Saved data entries

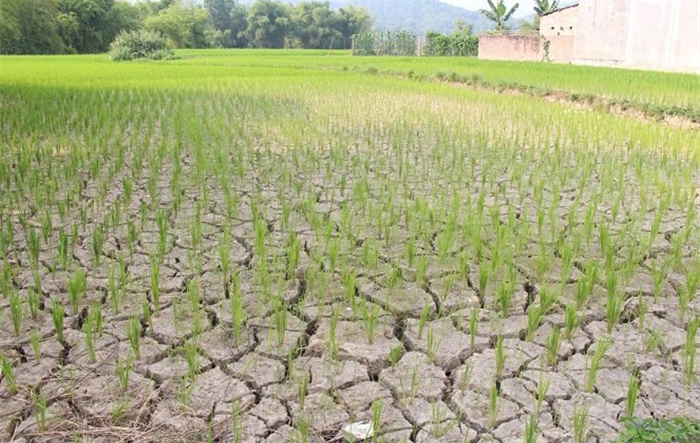 Tăng cường sự lãnh đạo của Đảng đối với công tác ứng phó thiên tai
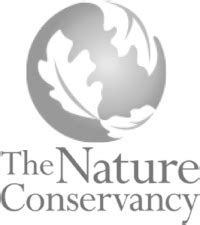 Logo of The Nature Conservancy - FloodTags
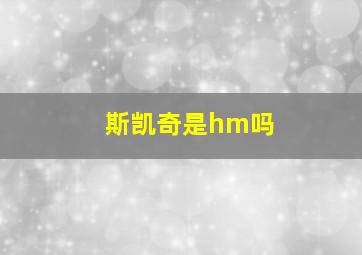 斯凯奇是hm吗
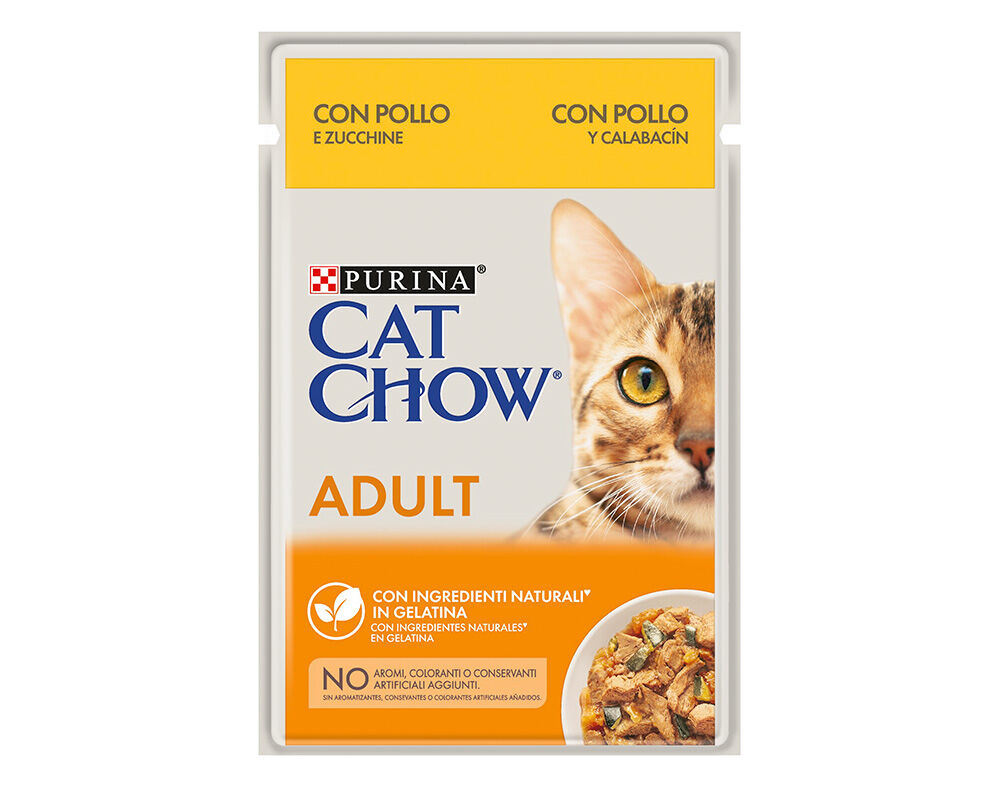 COMIDA H&Uacute;MIDA PARA GATO CAT CHOW COM FRANGO E COURGETE 0.85G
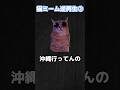 【第2弾】猫ミーム逆再生＋空耳集#shorts#ネタ#chipichipi #ねこ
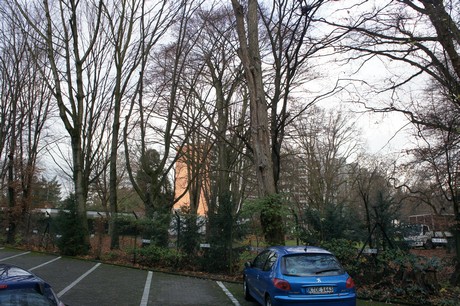 weiden
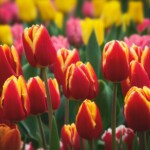 Tulips in Spring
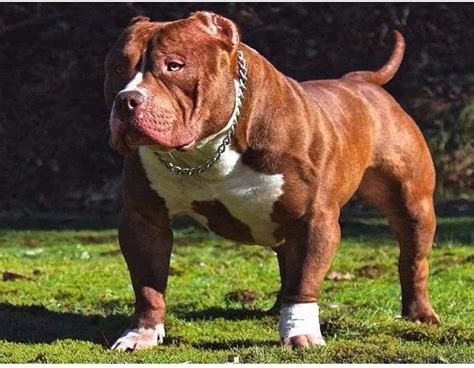 Športujúci pitbull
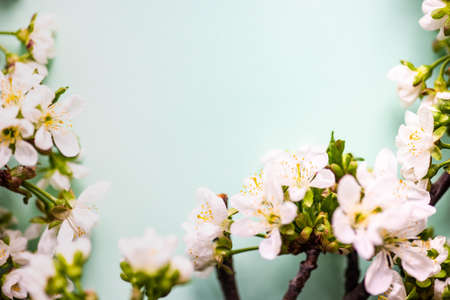 Spring floral frame with blooming cherry tree branches on pastel green background with copy spaceの写真素材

• **Problem description**:
The records above, minus their pictures, are to be returned verbatim.

• **Solution to this task**:
 Tăng cường sự lãnh đạo của Đảng đối với công tác ứng phó thiên tai
 Logo of The Nature Conservancy - FloodTags
 斯凯奇是hm吗
 COMIDA H&Uacute;MIDA PARA GATO CAT CHOW COM FRANGO E COURGETE 0.85G
 【第2弾】猫ミーム逆再生＋空耳集#shorts#ネタ#chipichipi #ねこ
 weiden
 Tulips in Spring
 Športujúci pitbull
 Spring floral frame with blooming cherry tree branches on pastel green background with copy spaceの写真素材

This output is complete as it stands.